A igreja pode ser a ponte entre as gerações, entre o antigo e o novo e integrar na adoração tudo que há de bom na sua herança histórica. Tem muita gente já cansada do louvorzão barulhento de letras rasas, de bandas que tocam no último volume, das coreografias esvoaçantes e das ordens do dirigente para abraçar o irmão da frente, de trás e do lado dizendo que o amamos. É constrangedor abraçar alguém e dizer que o amamos quando sequer o conhecemos.

A igreja perde quando o dirigente do louvor, o data-show, a coreografia e os solos de guitarra se tornaram mais importantes do que o cântico congregacional. Ou seja, quando a ênfase do louvor se desloca da congregação para o palco. Com raras exceções a música é ruim, a letra não tem nada a ver com a realidade do cotidiano ou a teologia reformada e a performance no palco é apelativa.

A igreja perde quando se torna parecida com um programa de auditório e não cultiva mais a boa música com cordas, sopros, bons arranjos, corais, quartetos. Mas a igreja perde muito mais ainda quando a adoração se torna um evento estimulado sensorialmente e não uma melodia que emerge de um coração quebrantado e temente a Deus. Adoração é sempre uma resposta humilde, alegre, reverente àquilo que Deus é e faz. Adoramos porque algo aconteceu, algo nos foi revelado, e não o contrário como pensam alguns: que é porque adoramos que recebemos a revelação e as coisas acontecem.

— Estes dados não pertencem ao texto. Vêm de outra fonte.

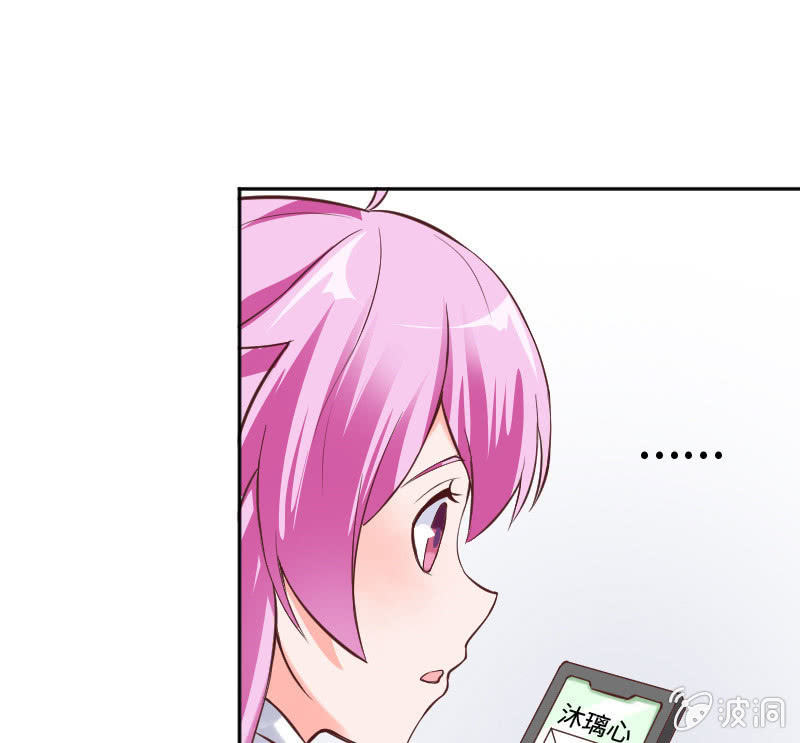 《这个大叔太冷傲》怎么才能俘获你的心？ 第29页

A igreja perde quando não há reverência ou temor, o que resta é euforia, excitação e sensações prazerosas. O que é bom em si mesmo, mas não é necessariamente adoração.

É um equivoco pensar que Deus se impressiona com nossos cultos de domingo. Ao contrário, Ele acolhe muito mais nossos gestos simples do quotidiano, frutos de um coração humilde e quebrantado, que busca se desprender de ambições e serve ao próximo com alegria. Adoração não é um evento domingueiro bem produzido, mas um estilo de vida que glorifica ao Senhor.

Durante séculos a arquitetura das igrejas e das catedrais destinou o balcão posterior para o coro, o órgão e a orquestra. Na igreja da Reforma os músicos e o coro se posicionavam na parte da frente da nave, mas sempre ao lado. Mesmo o púlpito não estava no centro, mas ao lado. No centro havia, quando muito, alguns símbolos da fé que ajudam a despertar a consciência para a experiência do sagrado, com destaque para a mesa do Senhor. Era a congregação face ao altar de Deus, nada se interpondo entre a Santa Presença e a congregação. Este lugar só pode ser ocupado por Jesus Cristo, ele é o único mediador, ele é o único que pode dirigir o louvor.

Hoje o que se vê é o apóstolo, o bispo, o pastor, o dirigente de louvor e a banda ocupando este lugar, nos levando de volta à Antiga Aliança quando sacerdotes e levitas eram mediadores entre Deus e os homens. A conseqüência é uma geração de crentes que dependem de homens, coreografias e data-shows para adorar e para ouvir a voz de Deus.

O verdadeiro pastoreio consiste em ajudar homens e mulheres a dependerem do Espírito Santo para seguirem a Cristo que os leva ao seio do Pai. Ajudar homens e mulheres a crescerem e amadurecerem na fé, na esperança e no amor, integrando adoração, oração e leitura das Escrituras no seu quotidiano.

A contextualização se tornou uma armadilha na qual a igreja caiu, na sua tentativa de se identificar com o mundo ela ficou cada vez mais parecida com mundo. A cultura gospel é auto centrada, materialista, se acha dona da verdade, tornou-se uma religião que nos faz prosperar, que não nos pede para renunciar a nada e que resolve todos nossos problemas. Há um abismo colossal entre a cultura gospel e o Evangelho de Jesus Cristo, que nos chama a amar sacrificialmente o nosso próximo, a cultivar um estilo de vida simples, a integrar o sofrimento na experiência existencial e a ter a humildade de ser um eterno aprendiz.

Estas reflexões já estavam fervilhando no meu coração há algum tempo. Pensei que estas coisas só aconteciam em certas igrejas, mas o que me motivou mesmo a colocá-las no papel, foi ter participado de um culto numa igreja evangélica tradicional.